## Problem statement
For the material that follows, return exactly the lines from the one with "purple and green fire boy" through the one with "Gambar Skinpedia Brightening", both ends included.

Start of The input

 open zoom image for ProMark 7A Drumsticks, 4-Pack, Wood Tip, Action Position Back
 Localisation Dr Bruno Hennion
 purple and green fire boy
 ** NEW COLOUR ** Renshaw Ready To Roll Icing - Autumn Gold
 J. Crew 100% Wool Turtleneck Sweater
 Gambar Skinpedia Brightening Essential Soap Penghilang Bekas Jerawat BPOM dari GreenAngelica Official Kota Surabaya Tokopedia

End of The input
Start of The input

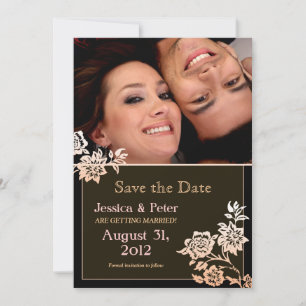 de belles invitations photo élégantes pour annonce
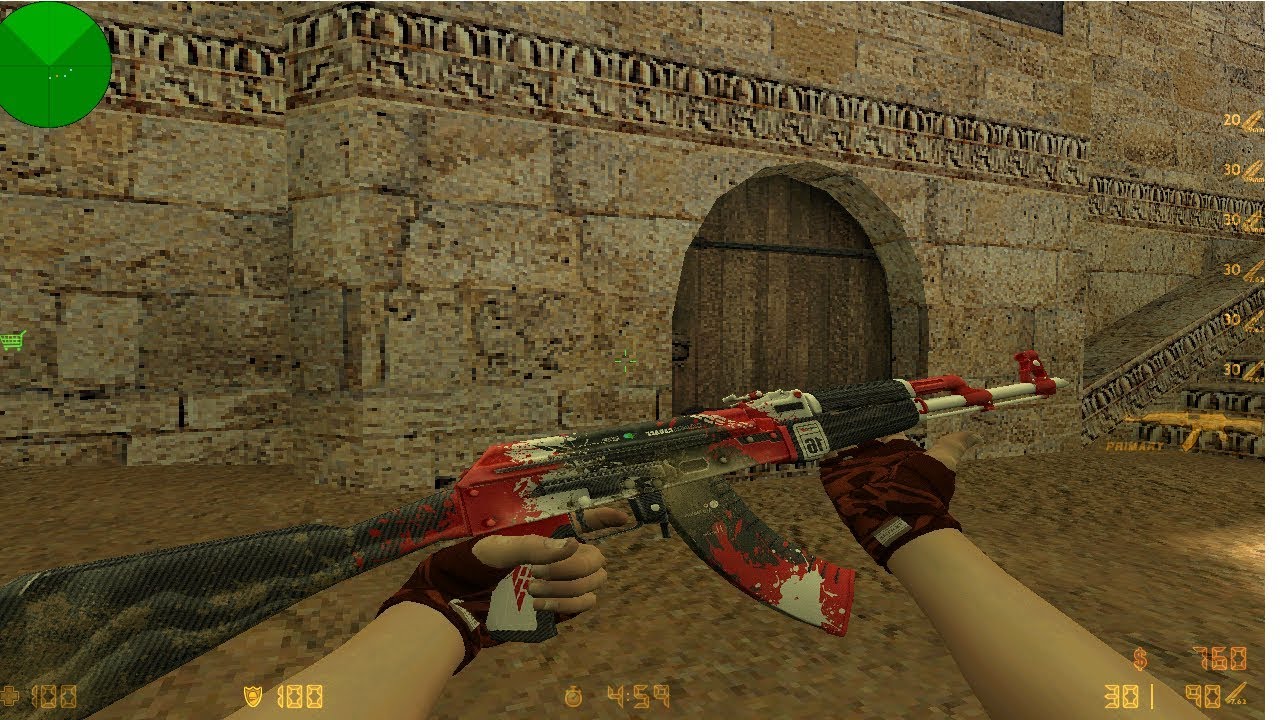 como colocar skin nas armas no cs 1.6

End of The input

## Answer to this exercise
 purple and green fire boy
 ** NEW COLOUR ** Renshaw Ready To Roll Icing - Autumn Gold
 J. Crew 100% Wool Turtleneck Sweater
 Gambar Skinpedia Brightening Essential Soap Penghilang Bekas Jerawat BPOM dari GreenAngelica Official Kota Surabaya Tokopedia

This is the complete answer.